The wind industry has admitted that without taxpayer handouts, its form of energy can’t compete
Not only are the wind farms a blight on the landscape and a threat to migratory birds, but if it were not for tax subsidies, those ugly bird-killing wind turbines would probably not exist.
WIND INDUSTRY PRODUCES LITTLE ENERGY, LOTS OF HOT AIR
Investors Business Daily
April 22, 2014
Failed Policy: The federal government has spent some $100 billion in taxpayer subsidies on green energy since 2006. Now we are seeing the flimsy and declining returns on that investment.
The wind industry saw its growth tumble by 92% last year, according to a new report from the American Wind Energy Association (AWEA), and that's off of a very low base to begin with.
Big Wind blames the decline in output on uncertainty over the future of a federal wind industry tax credit — an absurdly generous subsidy of 2.3 cents per kilowatt hour produced.
This handout is what keeps those giant turbines twirling. These subsidies have been thrown at the renewable energy industry for more than a decade and always with the promise by AWEA that profitability is right around the corner. Sure it is.
The reality is that the wind industry is to energy production what Amtrak is to intercity transportation — a perpetual tax-dollar burning machine.
The wind industry has admitted that without the taxpayer handouts, its form of energy can't compete. In other words, in a free market system for energy, wind is, well, winded.
One reason for the dismal state of affairs for wind is the shale oil and gas revolution. In six years the price of natural gas in the U.S. has plummeted to $4 a gallon from $12. None of the brilliant central planners in Washington ever saw that coming.
The fatal conceit of government planners is to believe they can see the future better than private entrepreneurs and investors.
The green energy lobby counters that oil and gas get subsidies, so why not bestow favors on renewables? But a report by the Institute for Energy Research based on Congressional Research Service data indicates that, based on per kilowatt of electricity produced, wind and solar receive more than 10 times the subsidy that fossil fuel producers do. (See chart).
And if oil and gas are subsidized, better to also get rid of those handouts instead of creating an energy subsidy arms race that taxpayers always lose.
The entire rationale for renewable energy subsidies was to reduce carbon emissions, but natural gas is achieving that at a fraction of the cost. The U.S. has reduced its carbon emissions in recent years primarily as a result of the shift toward natural gas for electric power.
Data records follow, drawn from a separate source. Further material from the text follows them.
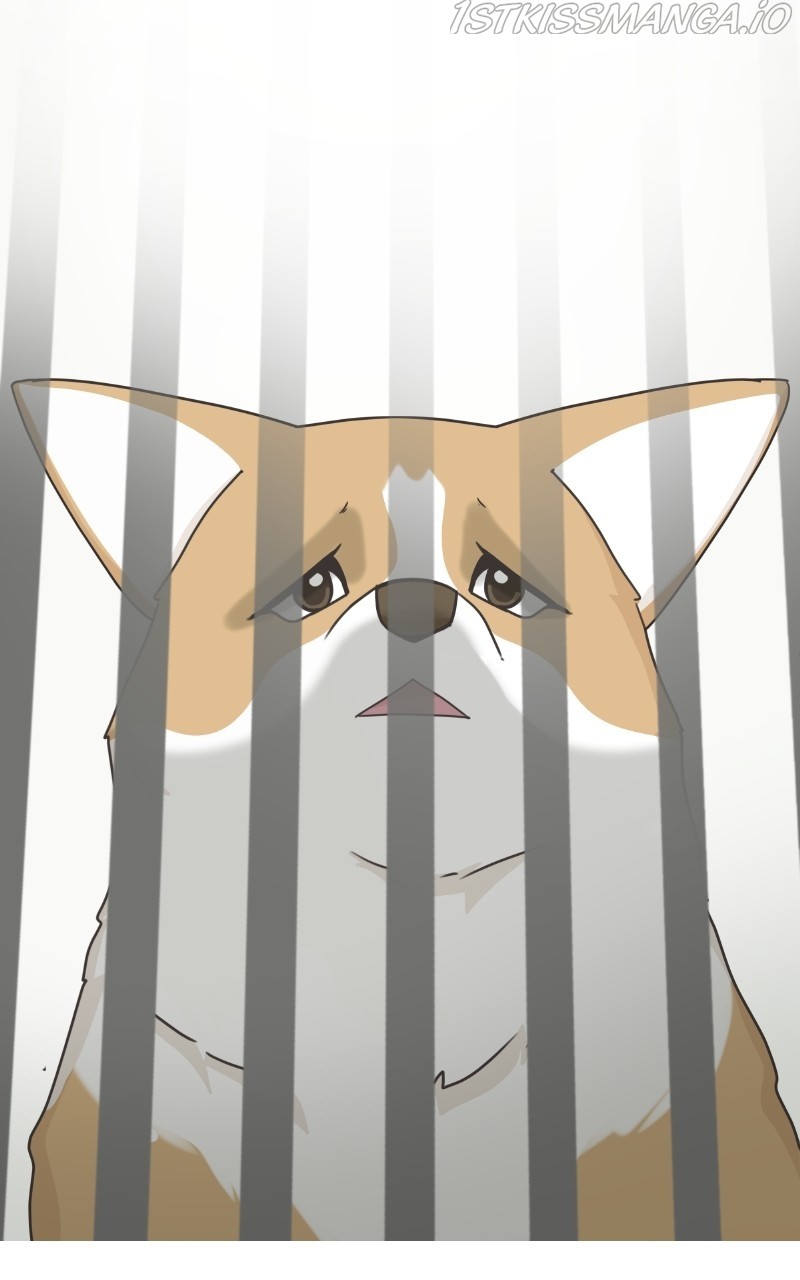 The Dog Diaries Chapter 81 - page 57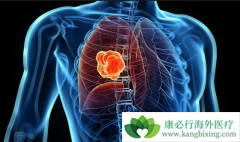 �����߷ΰ���ת�ƻ����������Ƶ���Ч��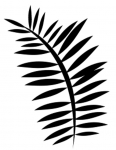 a fern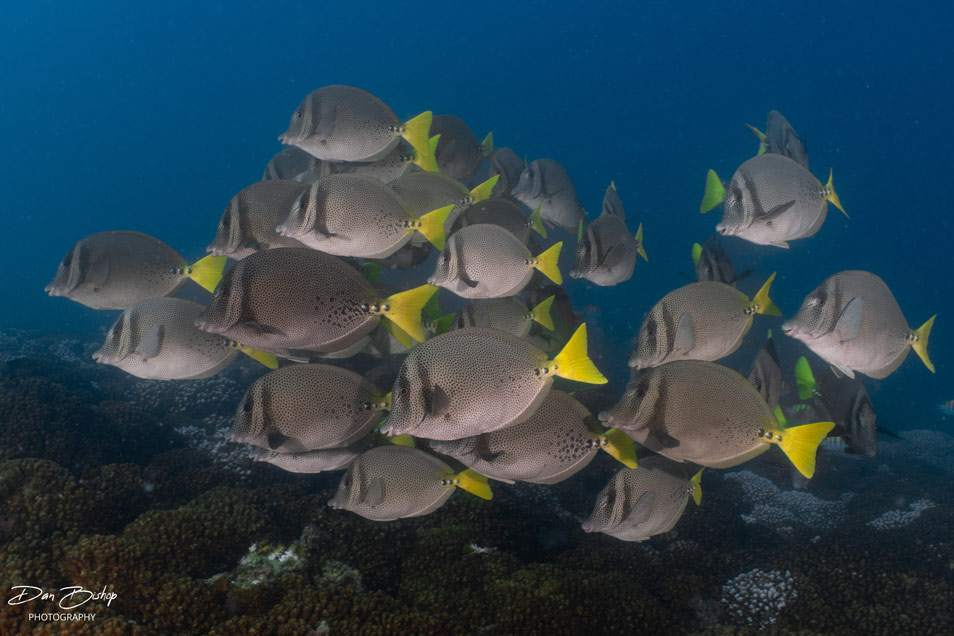 A school of yellowfin surgeonfish at La Reina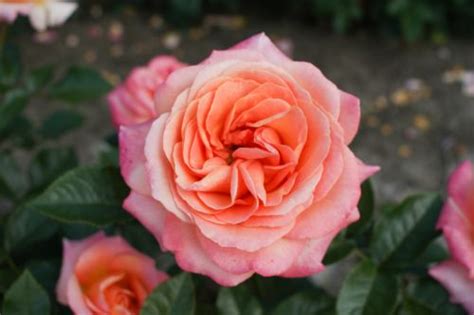 Top 10 Beautiful Pink Roses In The World Yabibo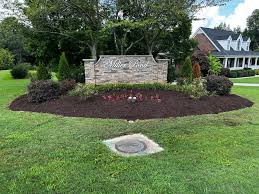 Transform Your Outdoors with Sea Breeze Lawn Care in South Carolina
It's not a stretch to believe the real motivation behind the big push for another round of "temporary" wind subsidies is to line the pockets of major Democratic campaign donors who have bet the farm on renewable energy.
Now those investments are going bust, so the CEOs are rushing to President Obama and Senate Majority Leader Harry Reid to be financially rescued. And these are the people who say that Republicans are in the game of pay to play.
The solution here is simple. Let the market work in energy. That means government has to stop picking industry winners and losers — if only because it has such a dreadful track record. How many more hundreds of millions of dollars does Uncle Sam have to lose on a Solyndra or a Fisker to figure this out?
Killing the wind tax credit would be a first step to tax reform and create a level playing field in energy policy — two things taxpayers have been awaiting for decades.